Currently the way most CPU manufacturers improve performance within a CPU family is by increasing clock speed and cache sizes. In the case of our hypothetical CPU, doing either or both of those things would improve performance but we're still not using the CPU's full potential. If there was a way for us to execute multiple threads at once we could make more efficient use of the CPU's resources; this is exactly what Intel's Hyper-Threading technology does.

Hyper-Threading is the marketing name applied to a technology that has been around outside of the x86 realm for a little while now - Simultaneous Multi-Threading (SMT). The idea behind SMT is simple; the single physical CPU appears to the OS as two logical processors but the OS does not see any difference between one SMT CPU and two regular CPUs.

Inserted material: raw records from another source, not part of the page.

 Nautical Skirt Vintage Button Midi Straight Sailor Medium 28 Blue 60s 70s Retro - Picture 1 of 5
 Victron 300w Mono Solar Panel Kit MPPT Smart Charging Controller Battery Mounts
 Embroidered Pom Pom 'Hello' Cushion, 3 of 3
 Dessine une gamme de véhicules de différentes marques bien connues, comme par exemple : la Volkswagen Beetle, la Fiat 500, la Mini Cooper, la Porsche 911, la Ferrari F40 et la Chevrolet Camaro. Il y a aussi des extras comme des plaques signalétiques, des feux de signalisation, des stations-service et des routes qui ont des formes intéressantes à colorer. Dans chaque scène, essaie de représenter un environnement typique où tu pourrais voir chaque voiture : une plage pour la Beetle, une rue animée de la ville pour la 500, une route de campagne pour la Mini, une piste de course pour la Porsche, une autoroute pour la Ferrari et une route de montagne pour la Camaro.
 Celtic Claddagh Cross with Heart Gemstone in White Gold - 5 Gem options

In both cases the OS dispatches two threads to the "two" CPUs and the hardware takes it from there.

In a Hyper-Threading enabled CPU, each logical processor has its own set of registers (including a separate PC) but in order to minimize the complexity of the technology, Intel's Hyper-Threading does not attempt to simultaneously fetch/decode instructions corresponding to two threads. Instead, the CPU will alternate the fetch/decode stages between the two logical CPUs and only attempt to execute operations from two threads simultaneously thus addressing the problem of poor execution unit utilization.

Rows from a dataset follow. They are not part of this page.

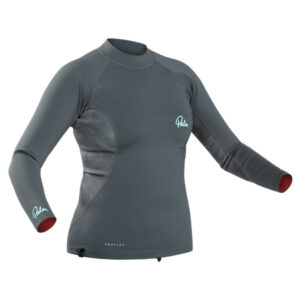 Neoflex Womens Longsleeve Top in Gray. Front Image.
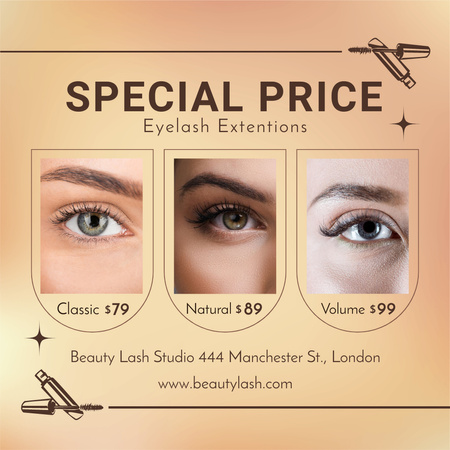 Special Offer Collage Eyelash Extension Prices Instagram Design Template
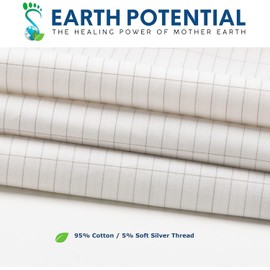 OuDiLee Grounding Pillowcase UK, Earthing Pillowcase UK 95% cotton and 5% soft silver thread (Standard UK Size) for Better Sleep and Natural Wellness with 5m UK Plug Cord (White)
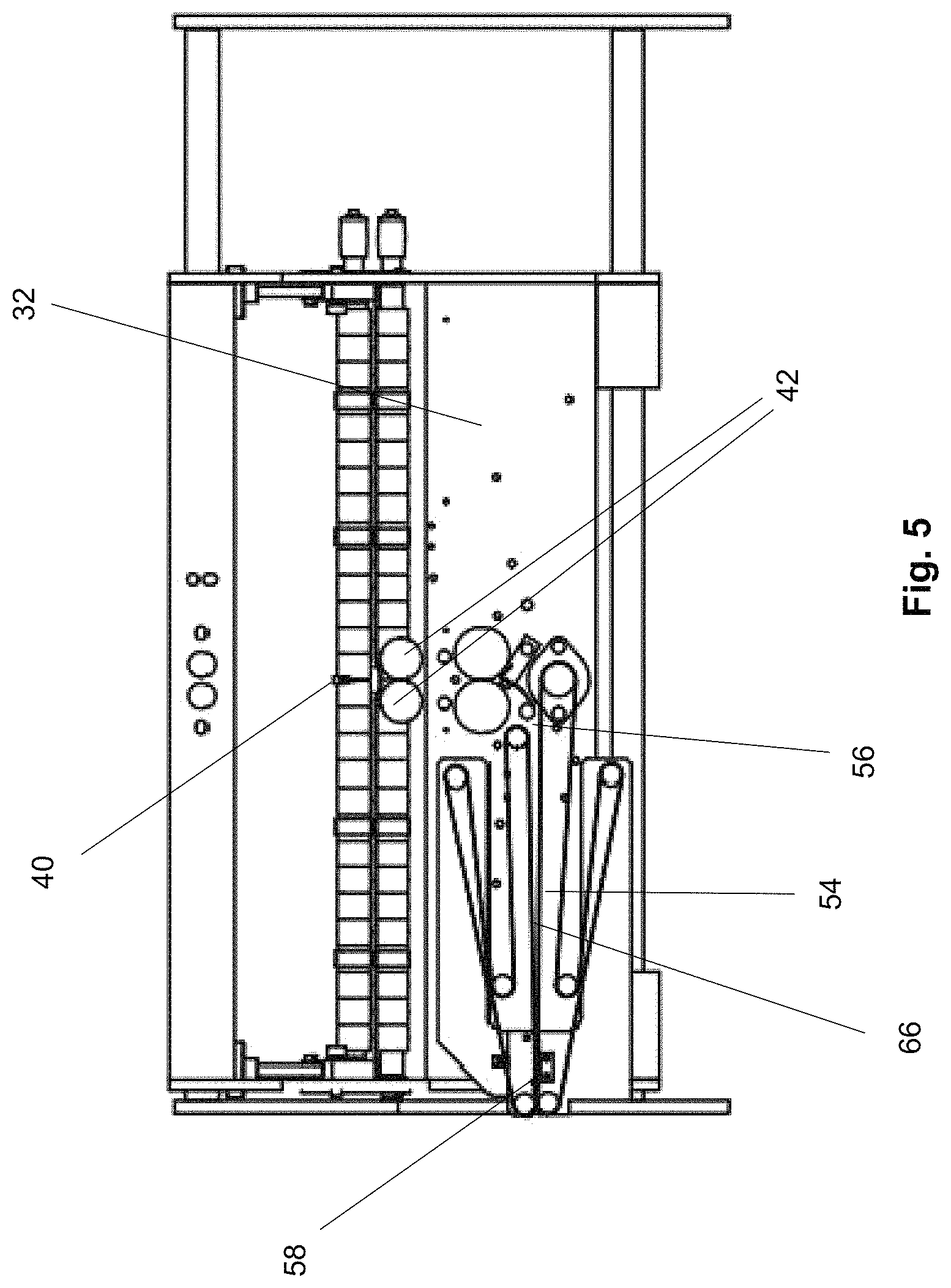 Patent US11772927 Figure 5 – Cross-fold module for a folding machine, and folding machine equipped therewith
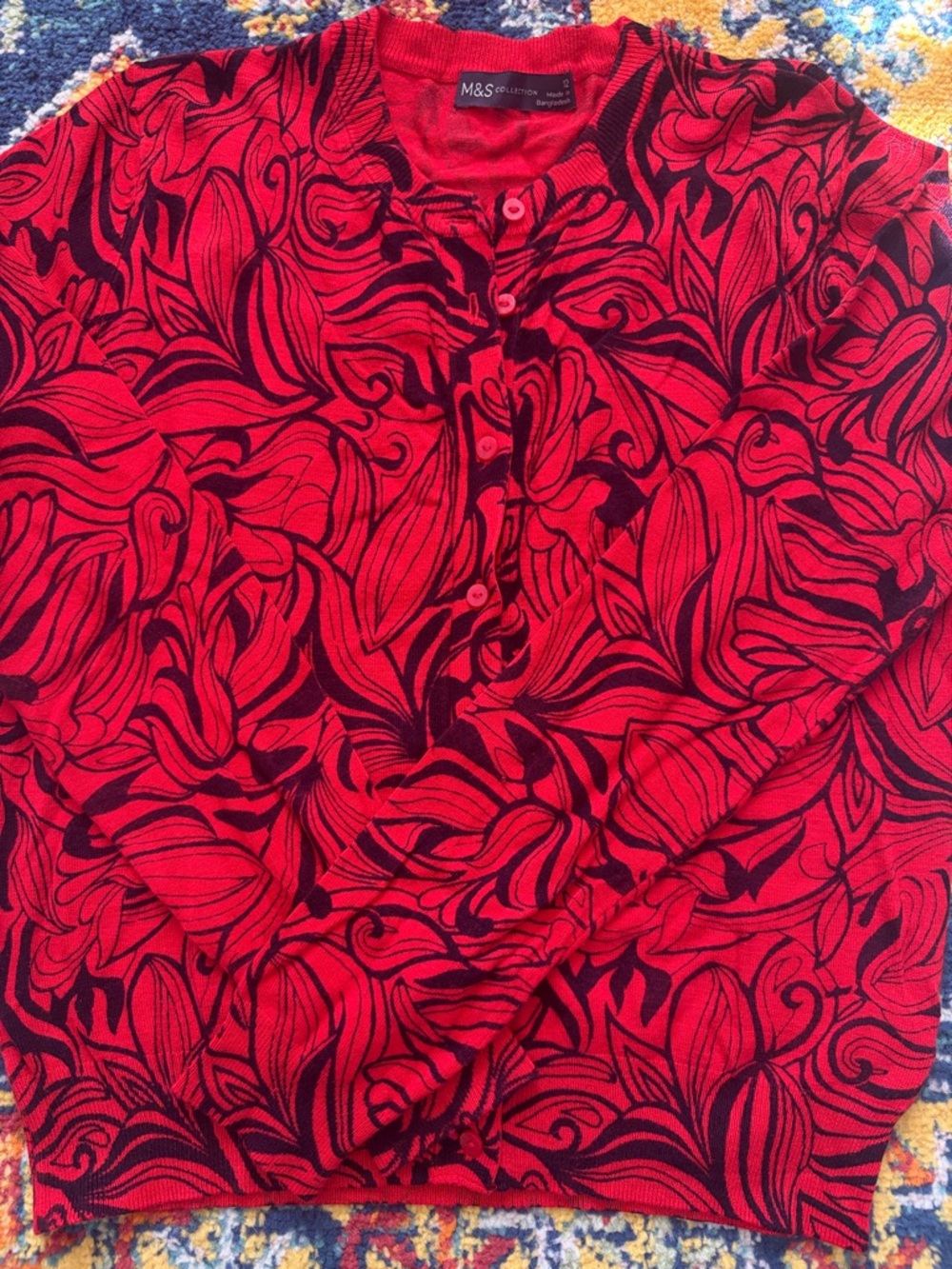 🌴Red & Black Floral Cardigan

Hyper-Threading was officially announced at the Intel Developer Forum last fall and it was demonstrated running on a Xeon processor performing a Maya rendering task. In that test the single Xeon with Hyper-Threading enabled was 30% faster than a regular Xeon CPU. The performance benefits were definitely impressive and even more exciting was the unspoken fact that Hyper-Threading is actually present on all Pentium 4 and Xeon cores; it is simply disabled.

The technology has not officially been debuted on a CPU yet however those that have purchased the new 0.13-micron Xeon processors and used them on boards with updated BIOSes may have been surprised with an interesting option - to enable/disable Hyper-Threading.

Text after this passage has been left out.